Wednesday, July 14, 2010

Episode 96: Female real estate agents, you have competition

For most of my adult life I have believed that female real estate agents are the most evil, manipulative, dishonest, disrespectful and downright rude professionals in the entire world. Worse than lawyers, worse than advertising reps and worse than politicians (although, all are pretty close).

My reasoning for this is based solely on years of apartment hunting and little else but, frankly, that is enough. In my experience, these estrogen-infused snobs have always treated myself and whomever I was looking at the apartment with like we were just moving out of a crack house and we were surely going to pocket the rent and start a fire in the living room. One woman demanded that we put an $1100 deposit down on an apartment just for the right to think about it for a few days. Another once told Monica that not having a washer and dryer on site is better for us because it will 'motivate us to do chores.' Perhaps the most egregious action was taken by the woman who helped us in to our current apartment. After calling everyone under the sun for reference checks, she got a hold of my boss at the newspaper. Not expecting her to tell me what sort of questions she asked, the agent grilled my boss on my work ethic, my status within the company and my reputation away from work. Completely, totally inappropriate. This woman would also not give us keys to the apartment until I had changed all of the utilities in to my name, which despite her insistence is not, in fact, a rule, and has still failed to return my calls requesting keys to the back door and the basement bulkhead.
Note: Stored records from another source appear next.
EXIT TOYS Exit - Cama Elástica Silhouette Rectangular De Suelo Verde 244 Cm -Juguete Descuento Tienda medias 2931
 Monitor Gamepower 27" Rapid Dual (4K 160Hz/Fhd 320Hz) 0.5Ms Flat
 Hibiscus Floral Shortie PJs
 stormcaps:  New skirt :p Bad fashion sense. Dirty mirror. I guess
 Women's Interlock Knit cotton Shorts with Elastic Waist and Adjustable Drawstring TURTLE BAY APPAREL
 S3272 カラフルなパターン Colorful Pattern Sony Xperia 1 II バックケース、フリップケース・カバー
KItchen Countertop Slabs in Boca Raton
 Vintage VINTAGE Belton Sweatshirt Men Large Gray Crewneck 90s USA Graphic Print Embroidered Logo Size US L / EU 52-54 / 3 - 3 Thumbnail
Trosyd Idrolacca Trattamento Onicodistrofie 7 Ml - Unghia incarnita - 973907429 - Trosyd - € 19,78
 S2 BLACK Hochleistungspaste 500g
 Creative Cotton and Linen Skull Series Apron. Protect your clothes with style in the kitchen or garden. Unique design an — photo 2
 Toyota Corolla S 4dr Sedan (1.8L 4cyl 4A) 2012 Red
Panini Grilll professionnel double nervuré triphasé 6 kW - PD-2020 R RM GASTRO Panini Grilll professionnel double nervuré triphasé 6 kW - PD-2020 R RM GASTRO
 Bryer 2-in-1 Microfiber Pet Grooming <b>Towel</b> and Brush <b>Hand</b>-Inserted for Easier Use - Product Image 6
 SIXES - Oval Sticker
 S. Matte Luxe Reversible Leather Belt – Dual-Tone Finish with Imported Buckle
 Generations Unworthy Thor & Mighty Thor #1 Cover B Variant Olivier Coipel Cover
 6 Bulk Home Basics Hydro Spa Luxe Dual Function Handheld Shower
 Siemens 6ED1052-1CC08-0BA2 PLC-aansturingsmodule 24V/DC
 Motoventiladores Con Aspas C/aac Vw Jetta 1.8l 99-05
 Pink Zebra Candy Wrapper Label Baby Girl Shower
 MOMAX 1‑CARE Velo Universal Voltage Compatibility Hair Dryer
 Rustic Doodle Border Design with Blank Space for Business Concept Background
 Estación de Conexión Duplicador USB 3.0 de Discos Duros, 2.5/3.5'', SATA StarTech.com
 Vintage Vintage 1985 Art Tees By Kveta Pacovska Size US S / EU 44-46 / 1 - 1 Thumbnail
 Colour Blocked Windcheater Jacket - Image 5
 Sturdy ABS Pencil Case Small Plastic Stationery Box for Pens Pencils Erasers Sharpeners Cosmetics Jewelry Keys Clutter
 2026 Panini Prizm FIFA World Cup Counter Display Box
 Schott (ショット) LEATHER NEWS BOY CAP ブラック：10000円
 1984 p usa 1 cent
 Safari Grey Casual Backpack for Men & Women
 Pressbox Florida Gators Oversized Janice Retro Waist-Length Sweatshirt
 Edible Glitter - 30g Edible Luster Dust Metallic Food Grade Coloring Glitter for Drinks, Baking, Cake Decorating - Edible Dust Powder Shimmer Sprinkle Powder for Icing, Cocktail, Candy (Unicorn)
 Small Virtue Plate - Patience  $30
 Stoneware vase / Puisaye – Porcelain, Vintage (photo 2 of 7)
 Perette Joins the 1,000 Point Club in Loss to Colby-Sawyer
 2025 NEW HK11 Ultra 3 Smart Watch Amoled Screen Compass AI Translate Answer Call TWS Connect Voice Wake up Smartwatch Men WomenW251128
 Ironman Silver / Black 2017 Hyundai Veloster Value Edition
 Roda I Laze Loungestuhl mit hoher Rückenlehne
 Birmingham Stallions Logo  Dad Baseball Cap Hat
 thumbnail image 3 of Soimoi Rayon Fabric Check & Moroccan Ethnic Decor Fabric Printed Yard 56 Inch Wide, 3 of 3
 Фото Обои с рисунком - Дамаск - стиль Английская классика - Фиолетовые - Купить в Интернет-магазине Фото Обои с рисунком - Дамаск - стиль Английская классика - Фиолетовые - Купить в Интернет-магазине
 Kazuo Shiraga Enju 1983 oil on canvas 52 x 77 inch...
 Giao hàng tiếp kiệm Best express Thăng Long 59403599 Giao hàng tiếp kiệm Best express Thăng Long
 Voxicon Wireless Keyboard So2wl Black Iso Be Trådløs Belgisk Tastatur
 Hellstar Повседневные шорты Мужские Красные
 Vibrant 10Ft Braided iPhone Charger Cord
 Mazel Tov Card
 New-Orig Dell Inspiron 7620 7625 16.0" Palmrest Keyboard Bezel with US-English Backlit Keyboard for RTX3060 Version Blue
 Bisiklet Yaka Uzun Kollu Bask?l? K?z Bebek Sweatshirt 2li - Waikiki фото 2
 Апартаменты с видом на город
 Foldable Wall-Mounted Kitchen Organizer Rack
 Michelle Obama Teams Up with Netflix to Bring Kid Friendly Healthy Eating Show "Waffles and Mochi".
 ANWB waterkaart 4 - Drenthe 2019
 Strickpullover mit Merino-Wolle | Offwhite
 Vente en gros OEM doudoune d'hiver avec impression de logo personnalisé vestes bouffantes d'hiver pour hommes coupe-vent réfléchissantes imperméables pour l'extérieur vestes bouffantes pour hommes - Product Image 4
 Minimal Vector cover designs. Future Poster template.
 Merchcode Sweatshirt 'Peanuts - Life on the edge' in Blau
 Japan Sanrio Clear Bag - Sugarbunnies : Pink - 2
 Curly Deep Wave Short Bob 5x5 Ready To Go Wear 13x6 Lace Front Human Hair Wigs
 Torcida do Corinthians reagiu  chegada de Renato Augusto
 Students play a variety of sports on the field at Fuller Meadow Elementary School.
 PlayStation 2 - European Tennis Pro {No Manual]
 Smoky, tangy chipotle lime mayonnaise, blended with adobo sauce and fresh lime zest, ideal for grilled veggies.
Some of you may be wondering why I am singling out women here. Quite simply, my experiences with male real estate agents have been much better. In those cases, the information was delivered in a straight forward manor, the only background checks were the standard calling of the old land lord and a credit check and, most importantly, none of them spoke to me like I was a drug addicted 14-year-old who had no business looking for an apartment.

I go on this tiny rant for a reason. That is that I no longer think that these female real estate agents are the most evil people in the world. No, that distinction can now be pinned to a new group: secret shoppers. Living life seemingly for the sole purpose of screwing people out of jobs and getting things for free, secret shoppers have long been the bane of my existence at work, as we are forced to jump through ridiculous hoops when helping customers in the remote chance that one of them may be in the building. Still, I had never really thought about how much I despised these people until yesterday when we took the baby to a place called Monkey Joe's.

For those of you who are not familiar, Monkey Joe's is essentially Discovery Zone without the piss-filled ball pit. For a kid, the place is magic. It is basically a series of inflatable bouncy bounces and a few video games. There is pizza and you can win prizes. Monica and I took Av there yesterday to play in the toddler section and she had a blast bouncing around the play area and horsing around with other kids. I really don't think I have seen her have that much fun in a long time. Maybe ever. For us, the trip was cool, too. I mean, there is literally nothing to do for an adult there, but they let us in free and only charged $5 for the baby. So, we pretty much got to kill a few hours and let Av have some fun for only $5. Cool.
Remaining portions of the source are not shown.